- Born: June 5, 1955 (age 71) Montreal, Quebec
- Origin: Toronto, Ontario
- Genres: Jazz, classical, rock
- Instrument: Violin
- Years active: 1978–present
- Website: hughmarsh.net

= Hugh Marsh =

Hugh Marsh (born June 5, 1955) is a violinist from Toronto, known for his electric violin sound. Marsh was nominated for a 2007 Juno Award in the best contemporary jazz album category.

==Early days==
Marsh was born in Montreal, Quebec, and brought up in Ottawa, Ontario, where he learned to play the violin from the age of five but it was when he tried playing the saxophone while at Canterbury high school that led to him exploring jazz, funk, and rhythm and blues. With his father's encouragement, he transferred these improvisation skills to the electric violin. He is the brother of musician Fergus Marsh.

==Career==
In 1978, Marsh was invited by jazz musician Moe Koffman to perform with him in a concert series at the Art Gallery of Ontario in Toronto.

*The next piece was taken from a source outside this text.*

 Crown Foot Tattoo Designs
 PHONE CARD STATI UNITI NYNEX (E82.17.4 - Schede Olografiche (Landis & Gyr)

This led to gigs at top Toronto jazz club George's Spaghetti House and to performances with Canadian jazz musicians Marsh had long admired such as Doug Riley, Claude Ranger, Sonny Greenwich and Don Thompson.

After meeting Bruce Cockburn in 1979, Cockburn invited Marsh to join his band for recordings and tours.

In 1984, Marsh recorded his independent album The Bear Walks which was later distributed by Duke Street Records. He was supported on the album by Doug Riley (keyboards), Peter Cardinali (bass, production), and Michael Brecker (tenor sax). The album sold well and was distributed by Verabra Records in Germany, Austria and Switzerland in 1986.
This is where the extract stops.